In any relationship you get plenty of opportunities to hurt each other and in a marriage relationship you get them all the time. Now I do not meet many people who get married with the intention of hurting the person that they claim to love. But I do meet plenty of people in their marriage relationship WHO have hurt each other. In fact I might be even bold enough to say that all relationships have hurt each other.
So far in our marriage series we have addressed the need to build our marriages on a strong foundation; to learn to listen and learn to speak the love language that your spouse talks. Last week we looked at the need to deal with conflict. And yet if a marriage is going to survive we must be able to recover from tough times and repair hurts that we have caused.
Remember this: hurts destroy trust, forgiveness restores trust and trust is a vital ingredient to the survival of any relationship. Trust in a marriage is like a sheet of glass – it can be broken with one act of adultery, an accumulation of white lies, deception, critical comments or unkindness. Intimate relationships are built on trust and openness. With intimate relationships we can be open, honest, share our deepest feelings, expose our deepest hurts, our fears, joys, sorrows, thoughts and dreams. We can allow our spouse into our inner world and let them know us more fully. But when we hurt each other we damage trust and become less open. When hurt we close up, keep our spouse at a distance in order to try and protect ourselves from further hurt.
Since space is limited I want to turn our attention to how we can repair hurts in our relationships.
Looking at the ways we have hurt each other can be a painful and messy job but when you have the courage to face the real issues the results will bring lasting change. You can do this by talking about the hurt, being prepared to say sorry and choosing to forgive.
How many times in your relationship have you been hurt but pretended that nothing happened. Unresolved hurts in a marriage are like trying to hold a beach ball under the water. You can hold it there for a while but the minute you drop your guard it comes shooting to the surface again. You must tell your spouse when they hurt you. Now the way you do this is important; you must do it gently and talk about how you felt. For example, “When you … I felt …”. Do not use absolutes like, “You always …”, “you never …”. Remember you are talking to the person you love and who loves you and they are probably not trying to hurt you, they are just like a rhino, thick skinned and short sighted.

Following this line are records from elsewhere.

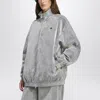 Adidas Originals Oversized Track Jacket Grey In Gray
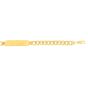 14K Gold 8mm Polished ID Chain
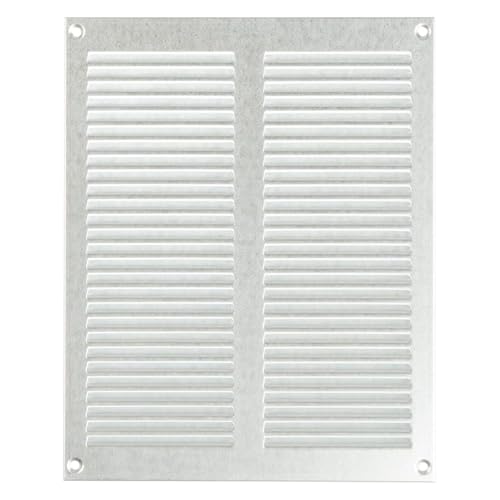 Steinberg14 Lüftungsgitter 200x250 mm - Verzinkt Metall Belüftungsgitter mit Insektenschutz - Abluftgitter für Wand und Decke - Lüftungsabdeckung für Innen und Außen - Insektenschutzgitter von Steinberg14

Be prepared to say sorry. ‘SORRY’ is a pretty hard word to say and mean in a marriage but it is a vital word to use if you are going to have a healthy marriage. Sadly in society we often do not take responsibility for our mistakes and so ‘SORRY’ is not often said in a heart felt way. It is never easy to listen to how we have been responsible for hurting others but we must try to see things from their point of view. To be effective an apology must be unconditional. It also needs to be said in the right tone of voice and to display the right body language. Genuine apologies are powerful in marriage because they remove the need to always be on the defensive, seeking to get our own back in the endless hurts of a ‘tit-for-tat’ battle. When we apologise we go from being warring factions to being on the same side, choosing to forgive. Forgiveness is one of those topics that confuses many people. Let me mention a couple of things about forgiveness. It is not earned; it is costly. We have to sacrifice our pride, our self pity and our desire for justice and for revenge.
Forgiveness cannot be demanded from our spouse nor can we demand they earn it from us. Forgiveness might need to happen more than once. The bible says a lot about forgiveness and if you want to know more please ask me. Forgiveness does not mean you condone your spouse’s behaviour nor does it mean you allow them to continue to violate their marriage vows. The Christian message is this: we can come to God, genuinely confessing our failures and he forgives us as a free gift. Jesus has died in our place, taking the consequences for all we have ever done, said or thought that was wrong. God forgives us freely even when he knows we will let him down again. And he does all this because he loves us. I think whilst Jesus offers us a gift of forgiveness that is free for us to accept, he also gives us the perfect pattern for forgiveness in our own relationships.
Forgiveness is a choice not a feeling. It is us choosing not to hold the past against the other. Forgiveness sets you free. A lady who had watched her sister die at the hand of the Nazi’s wrote this when she met her guard face to face after the war and forgave him. She said, “at that moment, when I was able to forgive, my hatred disappeared. What a liberation! Forgiveness is the key that unlocks the door of resentment and the handcuffs of hatred”.